What the exercise asks
Lower down are entries containing pictures. Copy exactly, without those pictures, the lines from the line with "A modern dining" through the line with "Molten Silver Black".

Data provided
————————

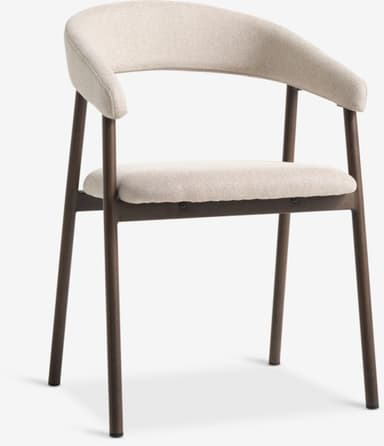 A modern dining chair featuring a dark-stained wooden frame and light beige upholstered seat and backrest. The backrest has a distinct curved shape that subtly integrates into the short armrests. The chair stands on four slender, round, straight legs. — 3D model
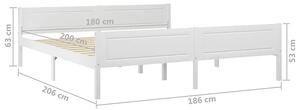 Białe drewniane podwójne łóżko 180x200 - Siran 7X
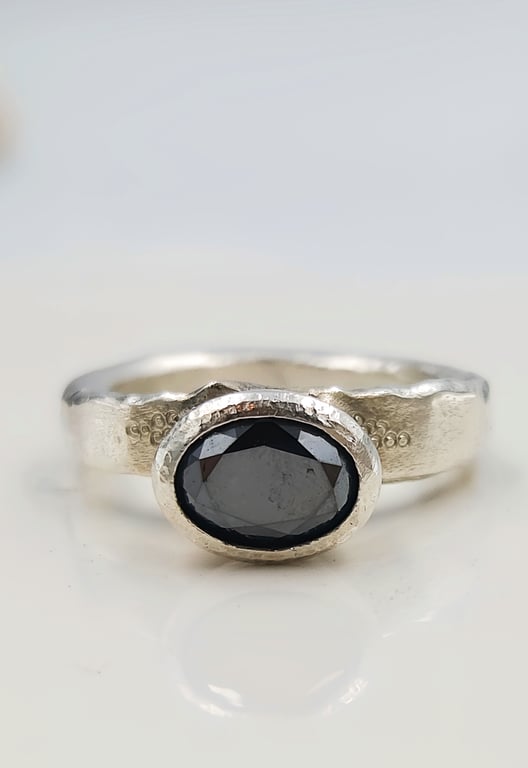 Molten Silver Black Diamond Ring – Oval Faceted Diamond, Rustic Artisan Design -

————————

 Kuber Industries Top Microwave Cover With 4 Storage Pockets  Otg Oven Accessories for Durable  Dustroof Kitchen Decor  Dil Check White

————————

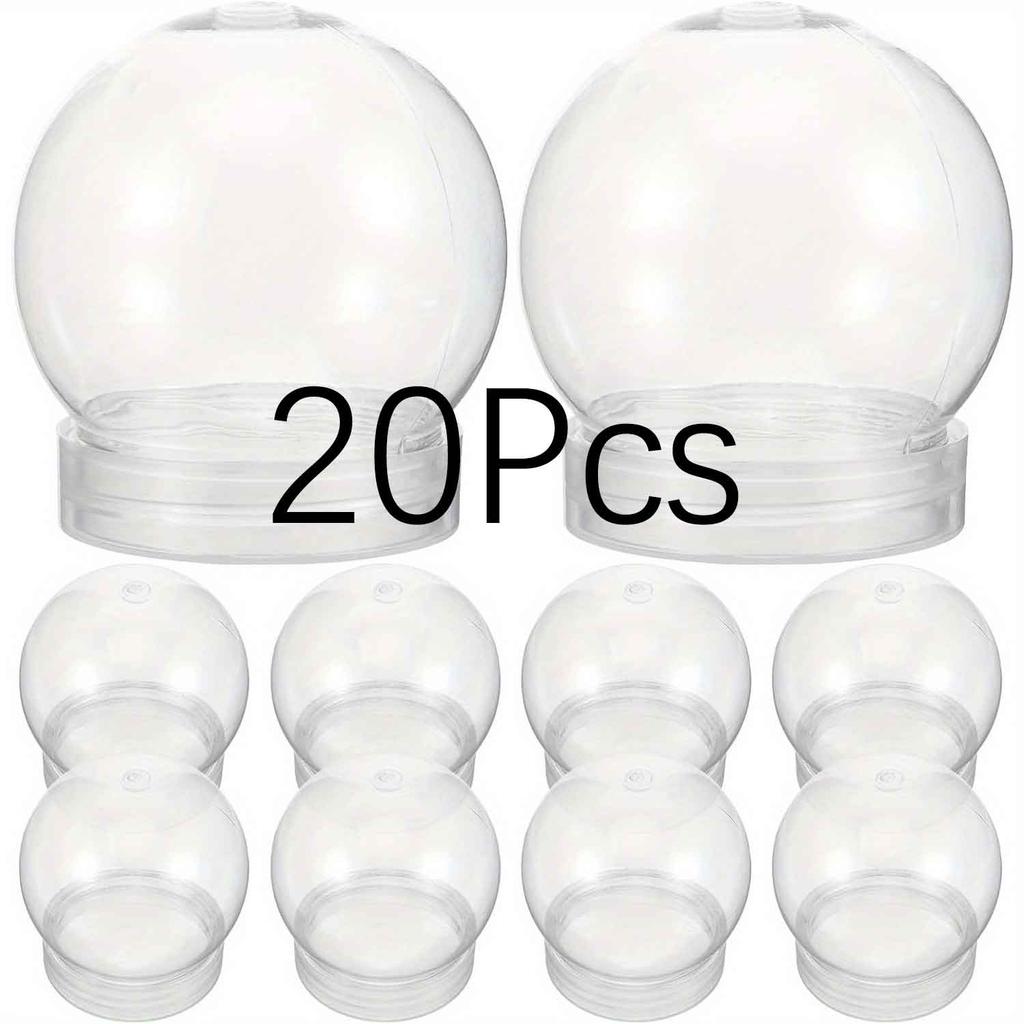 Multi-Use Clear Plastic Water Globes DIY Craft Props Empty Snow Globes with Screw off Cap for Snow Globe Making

————————

Answer for the task
 A modern dining chair featuring a dark-stained wooden frame and light beige upholstered seat and backrest. The backrest has a distinct curved shape that subtly integrates into the short armrests. The chair stands on four slender, round, straight legs. — 3D model
 Białe drewniane podwójne łóżko 180x200 - Siran 7X
 Molten Silver Black Diamond Ring – Oval Faceted Diamond, Rustic Artisan Design -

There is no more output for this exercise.